In this example, a data set is fitted to the nonlinear model function

$y_i = \sin \left(\theta_0 x_i\right) + \varepsilon_i$

from __future__ import print_function
from numpy import *
from pyimsl.stat.nonlinearOptimization import nonlinearOptimization
from pyimsl.stat.writeMatrix import writeMatrix


def fcn_nonlin(n_independent, x, nParameters, theta):
    return sin(theta[0] * x[0])


n_parameters = 1
n_observations = 11
n_independent = 1
x = array([0.0, 0.1, 0.2, 0.3, 0.4, 0.5, 0.6, 0.7, 0.8, 0.9, 1.0])
y = array([0.05, 0.21, 0.67, 0.72, 0.98, 0.94, 1.00, 0.73, 0.44, 0.36, 0.02])

theta_hat = nonlinearOptimization(fcn_nonlin, n_parameters, x, y)

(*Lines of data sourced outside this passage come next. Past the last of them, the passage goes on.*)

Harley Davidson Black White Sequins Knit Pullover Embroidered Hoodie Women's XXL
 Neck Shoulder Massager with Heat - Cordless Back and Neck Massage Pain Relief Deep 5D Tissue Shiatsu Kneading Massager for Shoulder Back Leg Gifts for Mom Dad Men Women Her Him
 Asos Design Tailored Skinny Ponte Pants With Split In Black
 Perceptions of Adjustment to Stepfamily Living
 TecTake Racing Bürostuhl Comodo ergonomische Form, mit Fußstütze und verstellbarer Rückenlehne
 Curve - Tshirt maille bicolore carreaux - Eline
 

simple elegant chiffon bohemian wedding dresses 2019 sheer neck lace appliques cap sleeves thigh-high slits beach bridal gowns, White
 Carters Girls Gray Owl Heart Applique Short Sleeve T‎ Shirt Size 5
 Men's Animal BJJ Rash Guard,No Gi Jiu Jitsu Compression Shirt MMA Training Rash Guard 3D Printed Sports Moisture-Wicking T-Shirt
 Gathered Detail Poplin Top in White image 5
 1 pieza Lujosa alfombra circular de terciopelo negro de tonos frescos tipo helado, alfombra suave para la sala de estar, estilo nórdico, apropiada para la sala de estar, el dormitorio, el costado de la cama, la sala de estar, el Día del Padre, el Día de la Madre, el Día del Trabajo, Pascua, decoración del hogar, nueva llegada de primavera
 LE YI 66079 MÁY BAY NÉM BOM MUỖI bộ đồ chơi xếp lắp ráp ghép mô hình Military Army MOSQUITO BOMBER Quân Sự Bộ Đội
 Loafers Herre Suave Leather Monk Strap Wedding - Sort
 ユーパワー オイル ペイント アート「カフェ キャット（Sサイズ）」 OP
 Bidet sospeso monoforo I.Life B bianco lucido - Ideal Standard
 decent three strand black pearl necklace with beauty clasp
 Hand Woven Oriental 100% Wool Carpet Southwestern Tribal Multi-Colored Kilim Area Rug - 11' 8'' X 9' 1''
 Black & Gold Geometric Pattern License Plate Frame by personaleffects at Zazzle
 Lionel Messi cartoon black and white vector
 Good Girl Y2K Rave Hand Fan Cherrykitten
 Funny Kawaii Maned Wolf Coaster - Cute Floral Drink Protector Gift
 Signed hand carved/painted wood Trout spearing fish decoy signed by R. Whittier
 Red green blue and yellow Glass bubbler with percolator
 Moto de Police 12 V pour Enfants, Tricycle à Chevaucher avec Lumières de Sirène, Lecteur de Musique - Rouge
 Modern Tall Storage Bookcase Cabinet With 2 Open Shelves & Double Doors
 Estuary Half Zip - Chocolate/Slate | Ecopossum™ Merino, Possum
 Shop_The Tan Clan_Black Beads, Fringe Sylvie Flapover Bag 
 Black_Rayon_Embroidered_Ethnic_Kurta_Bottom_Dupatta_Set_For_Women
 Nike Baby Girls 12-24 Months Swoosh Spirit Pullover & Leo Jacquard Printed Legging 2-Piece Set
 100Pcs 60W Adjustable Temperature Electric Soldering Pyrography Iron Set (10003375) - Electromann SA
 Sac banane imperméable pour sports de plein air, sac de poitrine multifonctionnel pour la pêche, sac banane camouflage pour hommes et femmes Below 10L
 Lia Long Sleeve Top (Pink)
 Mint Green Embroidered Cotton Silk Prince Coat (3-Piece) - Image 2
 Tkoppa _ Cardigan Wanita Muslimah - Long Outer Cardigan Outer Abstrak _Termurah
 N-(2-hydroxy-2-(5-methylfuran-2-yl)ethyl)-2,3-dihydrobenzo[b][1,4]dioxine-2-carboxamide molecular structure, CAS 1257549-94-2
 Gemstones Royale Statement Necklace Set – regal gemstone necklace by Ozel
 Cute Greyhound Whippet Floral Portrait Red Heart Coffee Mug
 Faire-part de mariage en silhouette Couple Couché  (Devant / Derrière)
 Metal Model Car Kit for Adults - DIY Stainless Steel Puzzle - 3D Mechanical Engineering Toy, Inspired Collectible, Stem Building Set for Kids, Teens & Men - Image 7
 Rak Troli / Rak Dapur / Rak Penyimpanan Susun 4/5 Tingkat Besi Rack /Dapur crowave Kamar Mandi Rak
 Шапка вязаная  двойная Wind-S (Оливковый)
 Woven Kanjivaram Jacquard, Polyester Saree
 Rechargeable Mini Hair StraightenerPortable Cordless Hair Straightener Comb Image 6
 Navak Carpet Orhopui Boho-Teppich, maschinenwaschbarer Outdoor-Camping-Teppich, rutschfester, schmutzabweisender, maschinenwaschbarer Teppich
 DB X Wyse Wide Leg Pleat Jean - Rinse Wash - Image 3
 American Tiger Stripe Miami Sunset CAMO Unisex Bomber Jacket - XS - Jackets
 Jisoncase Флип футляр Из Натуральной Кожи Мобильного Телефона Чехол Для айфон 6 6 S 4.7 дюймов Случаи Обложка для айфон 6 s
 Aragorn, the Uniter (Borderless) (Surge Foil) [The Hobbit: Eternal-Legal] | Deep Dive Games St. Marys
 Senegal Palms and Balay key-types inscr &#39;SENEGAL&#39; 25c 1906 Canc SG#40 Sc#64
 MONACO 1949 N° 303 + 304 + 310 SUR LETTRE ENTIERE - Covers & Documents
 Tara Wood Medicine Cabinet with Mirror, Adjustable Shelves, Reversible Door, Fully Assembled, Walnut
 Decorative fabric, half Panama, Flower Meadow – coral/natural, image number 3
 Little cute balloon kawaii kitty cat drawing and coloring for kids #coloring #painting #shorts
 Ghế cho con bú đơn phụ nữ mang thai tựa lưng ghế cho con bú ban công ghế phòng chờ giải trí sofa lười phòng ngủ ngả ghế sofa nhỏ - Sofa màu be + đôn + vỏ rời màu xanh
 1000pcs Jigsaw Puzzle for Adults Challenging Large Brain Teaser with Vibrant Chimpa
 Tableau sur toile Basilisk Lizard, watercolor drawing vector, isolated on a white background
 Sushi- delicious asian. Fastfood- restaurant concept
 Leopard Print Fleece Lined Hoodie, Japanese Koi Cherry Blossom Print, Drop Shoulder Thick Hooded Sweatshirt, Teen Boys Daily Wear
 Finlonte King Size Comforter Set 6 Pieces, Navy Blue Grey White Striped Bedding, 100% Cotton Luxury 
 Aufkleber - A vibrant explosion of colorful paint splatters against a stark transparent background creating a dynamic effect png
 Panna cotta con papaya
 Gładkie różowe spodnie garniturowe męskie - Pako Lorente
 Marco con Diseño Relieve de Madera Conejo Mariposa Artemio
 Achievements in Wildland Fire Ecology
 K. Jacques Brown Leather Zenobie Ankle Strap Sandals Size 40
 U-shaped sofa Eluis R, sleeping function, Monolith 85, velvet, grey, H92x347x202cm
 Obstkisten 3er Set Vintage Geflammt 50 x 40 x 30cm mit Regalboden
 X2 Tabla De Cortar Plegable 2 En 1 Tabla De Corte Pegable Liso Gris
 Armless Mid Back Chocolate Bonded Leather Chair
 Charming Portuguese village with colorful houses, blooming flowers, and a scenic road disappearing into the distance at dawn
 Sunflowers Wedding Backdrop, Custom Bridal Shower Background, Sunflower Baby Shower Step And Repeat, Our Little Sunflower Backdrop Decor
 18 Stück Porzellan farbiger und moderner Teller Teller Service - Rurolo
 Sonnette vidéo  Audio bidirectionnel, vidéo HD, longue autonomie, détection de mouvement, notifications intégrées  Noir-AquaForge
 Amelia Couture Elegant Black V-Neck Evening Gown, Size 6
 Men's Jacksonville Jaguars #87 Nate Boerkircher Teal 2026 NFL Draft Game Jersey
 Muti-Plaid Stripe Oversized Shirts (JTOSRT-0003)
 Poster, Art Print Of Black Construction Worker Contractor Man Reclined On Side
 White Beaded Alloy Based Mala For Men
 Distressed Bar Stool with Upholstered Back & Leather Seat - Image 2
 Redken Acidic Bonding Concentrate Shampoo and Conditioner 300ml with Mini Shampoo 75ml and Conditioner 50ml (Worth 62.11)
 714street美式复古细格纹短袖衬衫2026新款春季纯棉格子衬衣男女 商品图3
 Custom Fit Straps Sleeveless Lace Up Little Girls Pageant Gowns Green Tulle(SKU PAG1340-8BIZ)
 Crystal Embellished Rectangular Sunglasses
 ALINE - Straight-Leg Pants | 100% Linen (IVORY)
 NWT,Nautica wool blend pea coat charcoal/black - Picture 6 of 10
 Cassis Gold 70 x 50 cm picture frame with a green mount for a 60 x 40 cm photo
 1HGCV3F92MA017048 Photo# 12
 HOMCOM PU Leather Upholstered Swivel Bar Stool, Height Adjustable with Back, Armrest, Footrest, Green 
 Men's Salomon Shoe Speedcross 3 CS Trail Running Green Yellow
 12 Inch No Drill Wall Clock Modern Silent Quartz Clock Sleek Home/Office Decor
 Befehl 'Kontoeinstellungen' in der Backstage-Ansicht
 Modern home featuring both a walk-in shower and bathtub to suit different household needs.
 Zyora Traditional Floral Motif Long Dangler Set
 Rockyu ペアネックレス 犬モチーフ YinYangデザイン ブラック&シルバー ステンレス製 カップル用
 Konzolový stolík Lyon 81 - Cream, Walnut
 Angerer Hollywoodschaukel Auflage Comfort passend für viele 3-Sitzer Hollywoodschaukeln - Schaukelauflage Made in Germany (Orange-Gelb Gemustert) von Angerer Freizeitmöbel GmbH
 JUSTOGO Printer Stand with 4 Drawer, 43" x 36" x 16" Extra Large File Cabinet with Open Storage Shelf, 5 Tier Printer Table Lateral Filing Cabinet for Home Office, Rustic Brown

writeMatrix("Theta Hat", theta_hat)

Output¶

 
 Theta Hat
      3.161

Example 2¶

Draper and Smith (1981, p. 475) state a problem due to Smith and Dubey. [H. Smith and S. D. Dubey (1964), “Some reliability problems in the chemical industry”, Industrial Quality Control, 21 (2), 1964, pp. 64−70] A certain product must have 50% available chlorine at the time of manufacture. When it reaches the customer 8 weeks later, the level of available chlorine has dropped to 49%. It was known that the level should stabilize at about 30%. To predict how long the chemical would last at the customer site, samples were analyzed at different times. It was postulated that the following nonlinear model should fit the data.

$y_i = \theta_0 + \left(0.49 - \theta_0\right) e ^{-\theta_1\left(x_i-8\right)} + \varepsilon_i$

Since the chlorine level will stabilize at about 30%, the initial guess for theta1 is 0.30. Using the last data point ( $x=42$ , $y=0.39$ ) and $\theta_0=0.30$ and the above nonlinear equation, an estimate for $\theta_1$ of 0.02 is obtained.

The constraints that $\theta_0\geq=0$ and $\theta_1\geq=0$ are also imposed. These are equivalent to requiring that the level of available chlorine always be positive and never increase with time.

The Jacobian of the nonlinear model equation is also used.

from __future__ import print_function
from numpy import *
from pyimsl.stat.nonlinearOptimization import nonlinearOptimization
from pyimsl.stat.writeMatrix import writeMatrix


def fcn(n_independent, x, nParameters, theta):
    return theta[0] + (0.49 - theta[0]) * exp(-theta[1] * (x[0] - 8.0))


def jacobian(n_independent, x, n_parameters, theta, fjac):
    fjac[0] = -1.0 + exp(-theta[1] * (x[0] - 8.0))
    fjac[1] = (0.49 - theta[0]) * (x[0] - 8.0) * exp(-theta[1] * (x[0] - 8.0))


n_parameters = 2
n_observations = 44
n_independent = 1
x = [8.0, 8.0, 10.0, 10.0, 10.0,
     10.0, 12.0, 12.0, 12.0, 12.0,
     14.0, 14.0, 14.0, 16.0, 16.0,
     16.0, 18.0, 18.0, 20.0, 20.0,
     20.0, 22.0, 22.0, 22.0, 24.0,
     24.0, 24.0, 26.0, 26.0, 26.0,
     28.0, 28.0, 30.0, 30.0, 30.0,
     32.0, 32.0, 34.0, 36.0, 36.0,
     38.0, 38.0, 40.0, 42.0]
y = [.49, .49, .48, .47, .48,
     .47, .46, .46, .45, .43,
     .45, .43, .43, .44, .43,
     .43, .46, .45, .42, .42,
     .43, .41, .41, .4, .42,
     .4, .4, .41, .4, .41,
     .41, .4, .4, .4, .38,
     .41, .4, .4, .41, .38,
     .4, .4, .39, .39]
guess = [0.30, 0.02]
xlb = [0.0, 0.0]
sse = []

theta_hat = nonlinearOptimization(fcn, n_parameters,
                                  x, y, thetaGuess=guess, simpleLowerBounds=xlb,
                                  jacobian=jacobian, sse=sse)

writeMatrix("Theta Hat", theta_hat)

Output¶

 
        Theta Hat
          1            2
     0.3901       0.1016

Fatal Errors¶

`IMSLS_BAD_CONSTRAINTS_1`	The equality constraints are inconsistent.
`IMSLS_BAD_CONSTRAINTS_2`	The equality constraints and the bounds on the variables are found to be inconsistent.
`IMSLS_BAD_CONSTRAINTS_3`	No vector “theta” satisfies all of the constraints. Specifically, the current active constraints prevent any change in “theta” that reduces the sum of constraint violations.
`IMSLS_BAD_CONSTRAINTS_4`	The variables are determined by the equality constraints.
`IMSLS_TOO_MANY_ITERATIONS_1`	Number of function evaluations exceeded “maxFcn” = #.
`IMSLS_STOP_USER_FCN`	Request from user supplied function to stop algorithm. User flag = “#”.